Feature weighting for the feature normalization model

In order to understand how features from different image locations contributed to the observers’ decisions, we visualized the readout weights of the Feature Normalization model. The readout weights map from four orientations at each image location to one of four different responses. We decided to visualize the readout weights for each combination of orientation and response separately (see Figure 8). Thus, in order to derive a decision signal for a “left” response, the model would match the four maps in the first row of Figure 8 and sum up the corresponding responses.

Figure 8.

Readout weights for Feature Normalization model. Each column corresponds to one oriented energy feature; each row corresponds to one possible response. The orientation of the corresponding energy features is given by the small grating symbols above the columns. Color codes the weight with which the respective location contributed to the observer's decision. On each panel, the arcs that would be associated with the corresponding decision are superimposed in light gray.
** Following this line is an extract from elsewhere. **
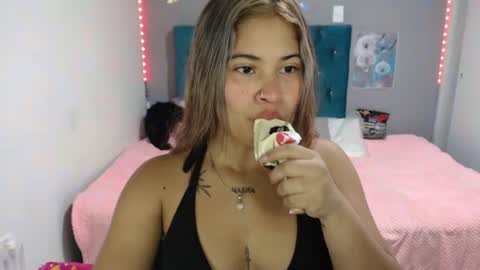 miacumgirl online show from August 6, 12:18 pm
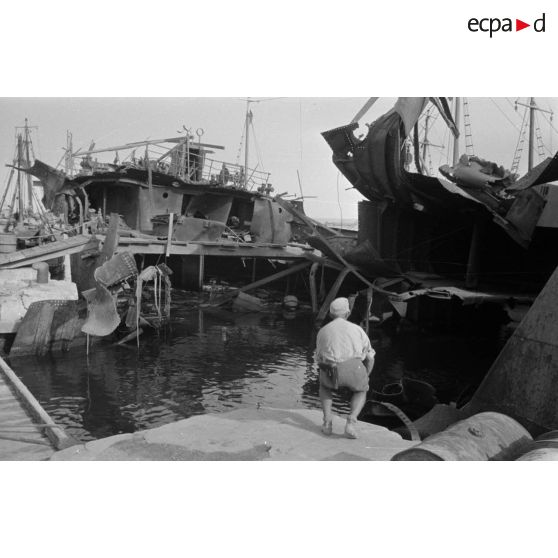 Navires déchiquetés à quai dans le port de Tobrouk.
Figure 8 visualizes the weights for one observer (Observer o2; other observers had similar patterns but they were more noisy and are shown in Appendix “Readout weights for Observers o1 and o3”). Three things are worth pointing out. (1) We found that for the left and right responses, vertical orientations in the area of the target signal were strongly weighted, and for the top and bottom responses, horizontal orientations in the area of the target signal were strongly weighted. In the following, we will refer to this weight pattern as ρ1 (see Figure 9A). These weights correspond to signals that are aligned with a straight-line interpolation between the start and end points of the respective arc. (2) The model negatively weighted signals that corresponded to structure that was orthogonal to this straight-line interpolation, but only toward the inside of the square formed by the four target markers (ρ2; see Figure 9B). (3) We find some weight associated with oblique directions (ρ3; see Figure 9C). Specifically, locations in which curved arcs would connect to the corresponding target markers were positively weighted to arrive at a response.

Figure 9.

Performance of models with simplified decoder structure. (A) Schematic visualization of the decoder weights for weight pattern ρ1 for response “left.” The weight pattern was just the envelope of the pattern shown here, applied to the orientation channels visualized by the underlying grating. For reference, the superimposed lines indicate where the corresponding target was located. (B) Same as (A) for weight pattern ρ2. Note that this pattern was associated with negative weights. (C) Same as (A) for weight pattern ρ3. (D) Accuracy of prediction of human responses for the different weight patterns in isolation and combined. Similar to Figure 5, the horizontal lines indicate chance performance (gray) and double-pass consistency for the individual observers (colored lines).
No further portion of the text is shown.